EXERCISE INPUTS:

--- START ---

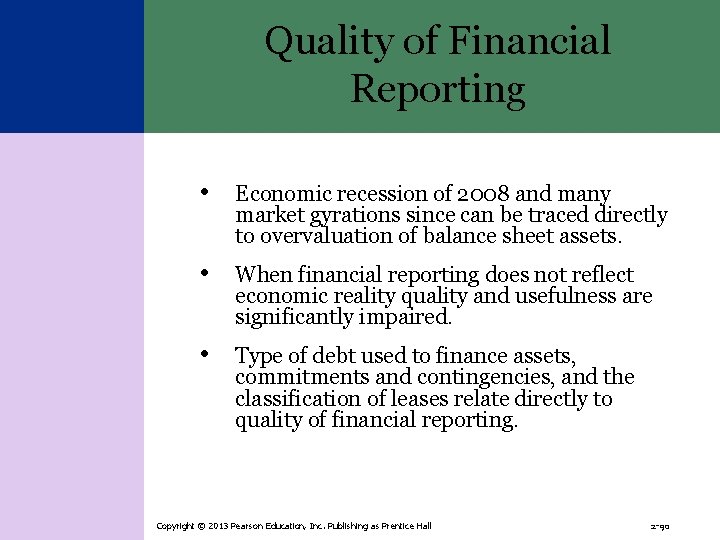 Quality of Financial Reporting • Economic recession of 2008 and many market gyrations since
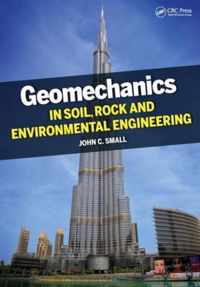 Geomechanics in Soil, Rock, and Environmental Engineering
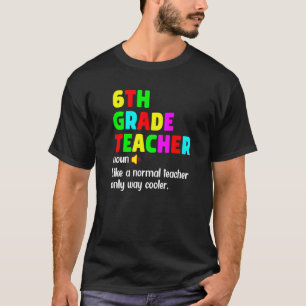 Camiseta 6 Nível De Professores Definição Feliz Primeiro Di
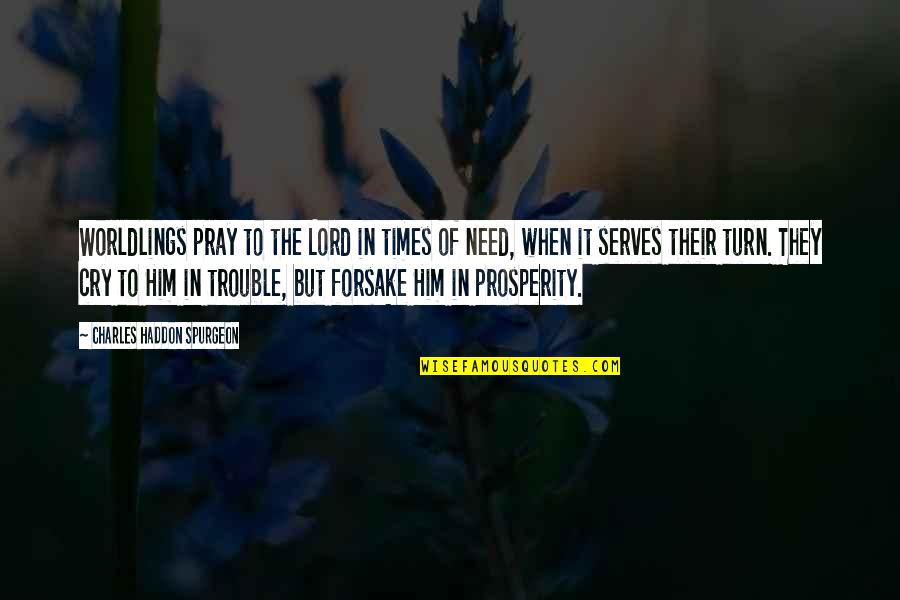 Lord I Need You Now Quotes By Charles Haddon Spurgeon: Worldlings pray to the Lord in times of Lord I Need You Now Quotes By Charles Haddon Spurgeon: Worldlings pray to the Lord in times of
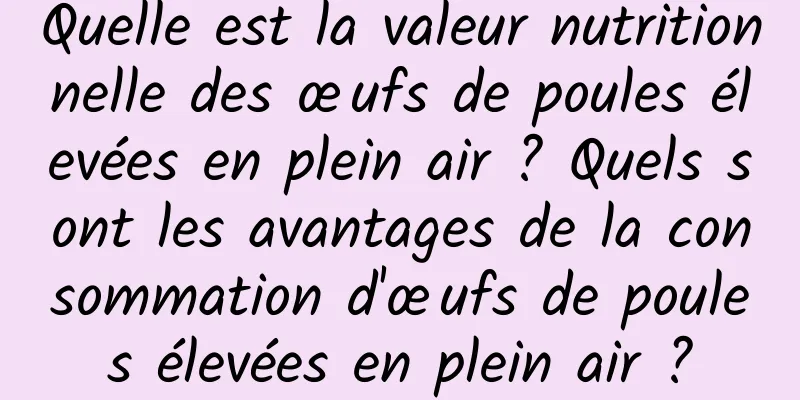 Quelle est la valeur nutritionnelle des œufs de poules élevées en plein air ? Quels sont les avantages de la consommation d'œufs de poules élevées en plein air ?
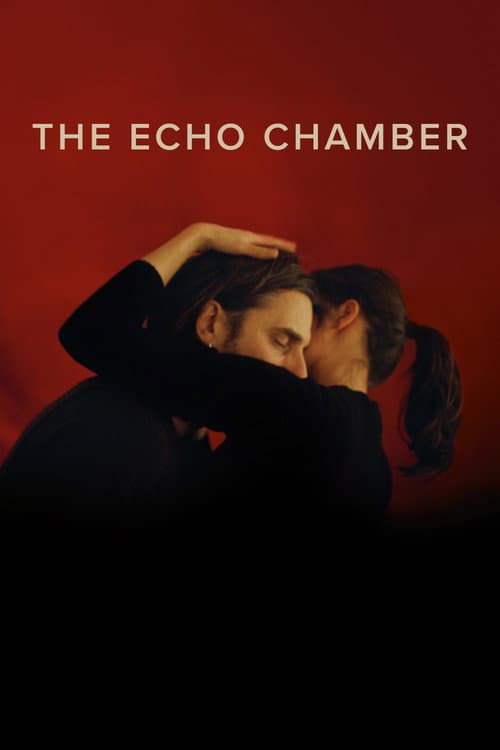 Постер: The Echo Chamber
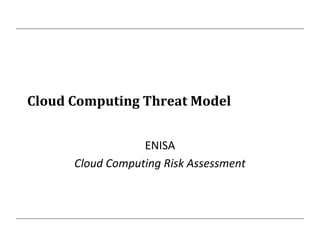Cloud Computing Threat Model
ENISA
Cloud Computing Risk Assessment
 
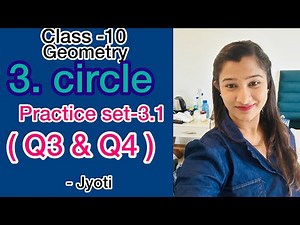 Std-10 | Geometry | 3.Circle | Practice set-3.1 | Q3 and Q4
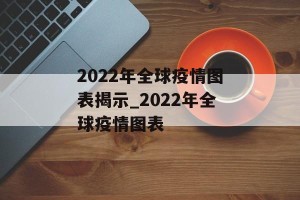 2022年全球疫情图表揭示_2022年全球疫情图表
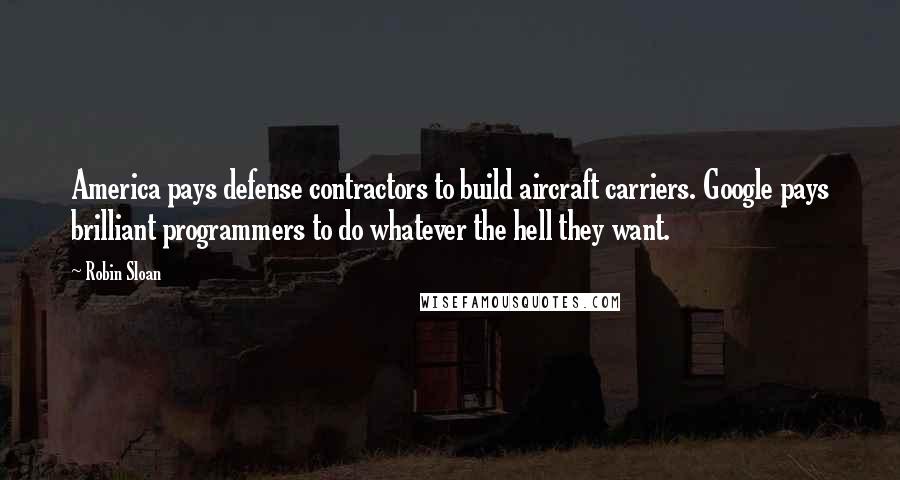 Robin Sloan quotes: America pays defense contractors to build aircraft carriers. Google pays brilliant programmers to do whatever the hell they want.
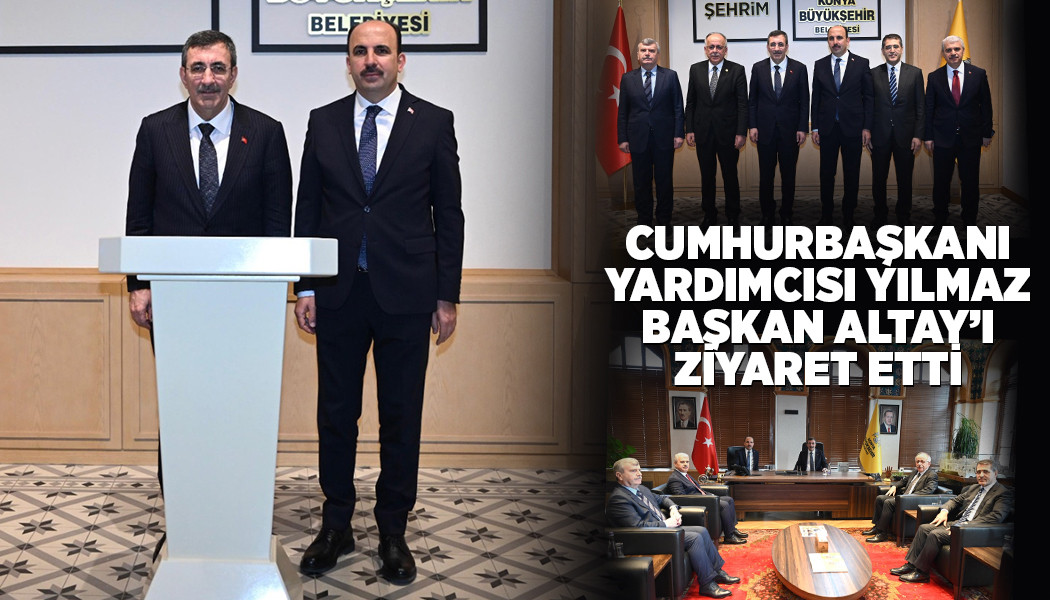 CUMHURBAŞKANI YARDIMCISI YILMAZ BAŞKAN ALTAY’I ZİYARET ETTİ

--- END ---
--- START ---

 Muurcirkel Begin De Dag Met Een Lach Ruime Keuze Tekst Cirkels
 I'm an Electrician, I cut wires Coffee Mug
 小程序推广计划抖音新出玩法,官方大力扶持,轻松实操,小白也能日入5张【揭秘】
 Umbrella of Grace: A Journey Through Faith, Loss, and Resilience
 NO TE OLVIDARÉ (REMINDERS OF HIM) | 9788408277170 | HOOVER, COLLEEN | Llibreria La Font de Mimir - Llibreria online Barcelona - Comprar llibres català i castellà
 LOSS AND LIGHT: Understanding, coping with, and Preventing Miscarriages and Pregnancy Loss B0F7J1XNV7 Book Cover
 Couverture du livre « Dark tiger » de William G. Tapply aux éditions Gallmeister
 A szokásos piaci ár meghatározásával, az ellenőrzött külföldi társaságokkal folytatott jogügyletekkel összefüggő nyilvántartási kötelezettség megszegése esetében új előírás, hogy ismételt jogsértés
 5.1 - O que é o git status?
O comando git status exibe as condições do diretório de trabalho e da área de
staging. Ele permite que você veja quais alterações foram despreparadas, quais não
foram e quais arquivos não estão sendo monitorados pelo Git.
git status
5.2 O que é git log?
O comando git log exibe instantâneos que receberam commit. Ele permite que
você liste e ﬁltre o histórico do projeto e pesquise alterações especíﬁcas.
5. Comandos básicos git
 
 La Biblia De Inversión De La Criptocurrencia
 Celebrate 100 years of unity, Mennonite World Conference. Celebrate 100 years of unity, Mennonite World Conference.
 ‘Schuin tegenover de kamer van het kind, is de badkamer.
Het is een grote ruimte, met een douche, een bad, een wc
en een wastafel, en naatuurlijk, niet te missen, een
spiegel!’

--- END ---

WHAT YOU WILL DO: Once the line with "O comando git status" is found in the records above, print exactly that line and every line after it through the line with "is de badkamer.".

WRITTEN ANSWER:
O comando git status exibe as condições do diretório de trabalho e da área de
staging. Ele permite que você veja quais alterações foram despreparadas, quais não
foram e quais arquivos não estão sendo monitorados pelo Git.
git status
5.2 O que é git log?
O comando git log exibe instantâneos que receberam commit. Ele permite que
você liste e ﬁltre o histórico do projeto e pesquise alterações especíﬁcas.
5. Comandos básicos git
 
 La Biblia De Inversión De La Criptocurrencia
 Celebrate 100 years of unity, Mennonite World Conference. Celebrate 100 years of unity, Mennonite World Conference.
 ‘Schuin tegenover de kamer van het kind, is de badkamer.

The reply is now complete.